Dans le Haut-Rhin, le 115, chargé d'orienter les sans-abri sur les places d'hébergement, est prié de donner la priorité, en cas de saturation, au "public de droit commun", que la préfecture distingue des "demandeurs d'asile ou des déboutés du droit d'asile".
Là encore la préfecture affirme que l'hiver dernier "aucune personne n'est restée sans hébergement" et se défend d'exclure les sans-papiers.
Libération publie aussi des échanges de courriels dans l'Yonne, où la restitution d'un logement est refusée à une famille dont l'expulsion a été annulée par la justice.

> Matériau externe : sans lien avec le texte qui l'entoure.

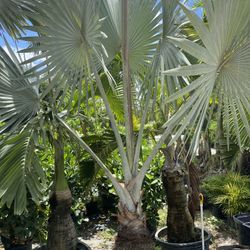 Bismarck Palm ( Free Delivery )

"Le code de l'action social et des familles impose d'accueillir toutes les personnes sans abri et en détresse, quelle que soit leur situation administrative", souligne la présidente de la Fédération nationale des associations d'accueil et de réinsertion sociale. Dans une interview au quotidien, Nicole Maestracci rappelle que "en 2007, le président avait (...) réaffirmé ce principe de l'inconditionnalité".

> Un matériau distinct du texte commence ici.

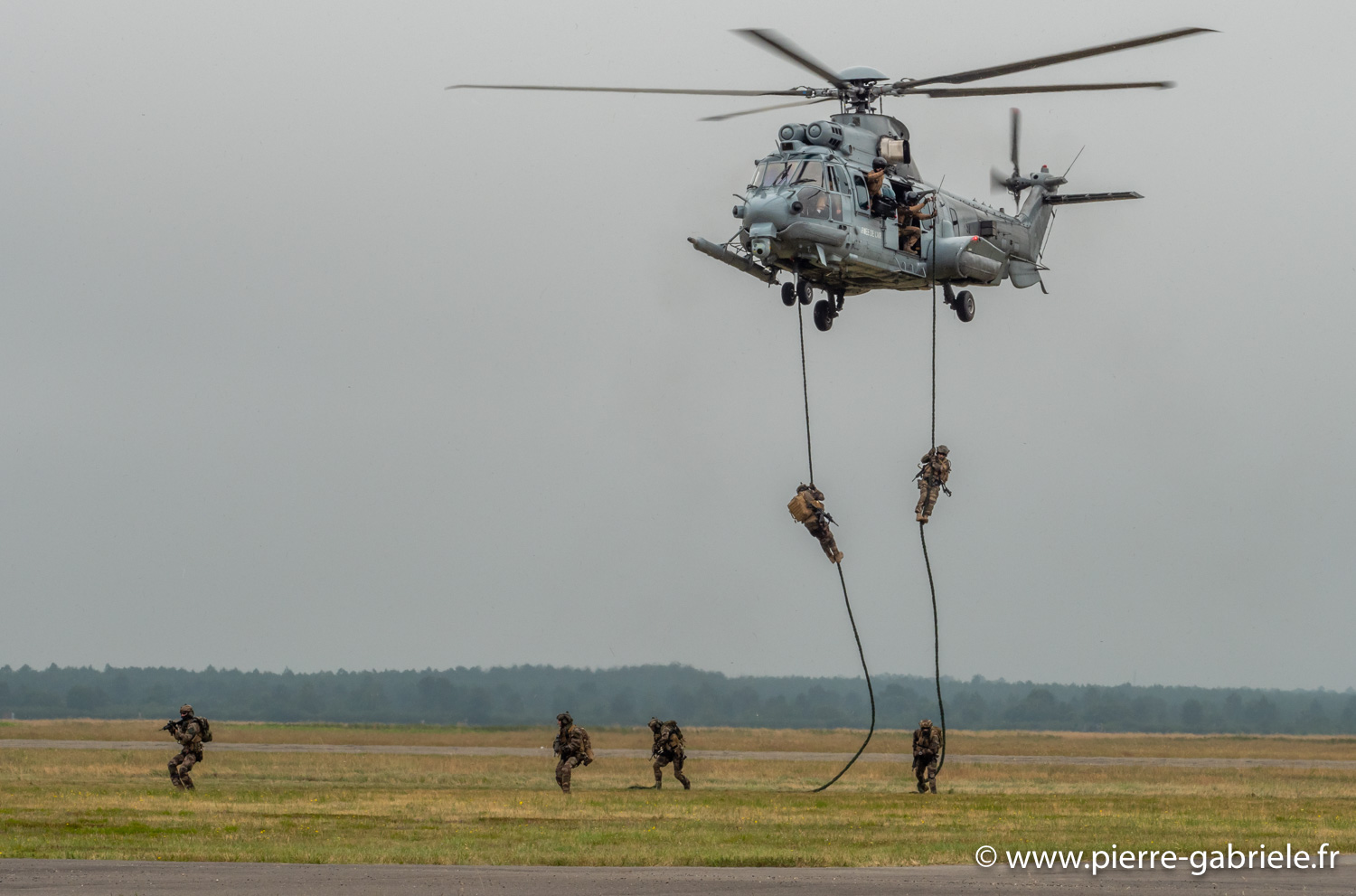 caracal-g91_6294.jpg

"Ce n'est pas aux associations de contrôler les papiers. Dans les centres d'urgence on doit accueillir tout le monde, justement parce que ce sont des centres d'urgence", avait déclaré Nicolas Sarkozy lors de la Journée mondiale du refus de la misère, précise Libération.

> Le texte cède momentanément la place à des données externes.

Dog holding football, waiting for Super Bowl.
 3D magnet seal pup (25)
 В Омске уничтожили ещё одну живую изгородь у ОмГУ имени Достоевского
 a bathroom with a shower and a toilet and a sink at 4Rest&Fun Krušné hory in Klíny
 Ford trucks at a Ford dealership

Les réactions se multiplient
Des faits dénoncés par le secrétaire d'Etat au Logement, Benoist Apparu, qui a affirmé avoir "donné des consignes ce matin pour qu'on cesse ces pratiques". "Quand quelqu'un est dans une période de froid dehors, on ne se préoccupe pas de savoir s'il a des papiers ou pas", a-t-il déclaré sur RTL. "Il y a un principe qui a été fixé par le président de la République lui-même, réaffirmé à plusieurs reprises, c'est le principe de l'inconditionnalité de l'accueil d'urgence", a souligné le secrétaire d'Etat.
"Les étrangers sans-abri ne sont pas des variables d'ajustement", dit la Fédération nationale des associations d'accueil et de réinsertion sociale, qui regroupe 850 associations s'occupant de près de 3.000 services d'aide aux sans-abri. La Fnars rappelle "le principe d'accueil inconditionnel des plus démunis" et cite l'article L 11-2 du Code d'action sociale qui "impose d'accueillir toutes les personnes sans abri ou en détresse, sans poser de condition de régularité de séjour". "Tous les centres d'hébergement sont donc dans la légalité lorsqu'ils accueillent des étrangers en situation de détresse, quelle que soit leur situation administrative", dit la Fnars.
Le groupe PCF-Parti de gauche attaque une forme de "xénophobie d'Etat", estimant que la droite française poursuit pour des "raisons électoralistes" son "offensive de destruction de la dignité humaine".
Le porte-parole du Parti socialiste, Benoît Hamon, a rappelé les propos de Nicolas Sarkozy, qui avait réaffirmé le principe d'accueil "inconditionnel" des sans-abri en 2007. "La responsabilité de la République c'est d'héberger tout le monde et ne pas faire le tri entre les SDF avec papiers et les SDF sans papiers", a-t-il ajouté.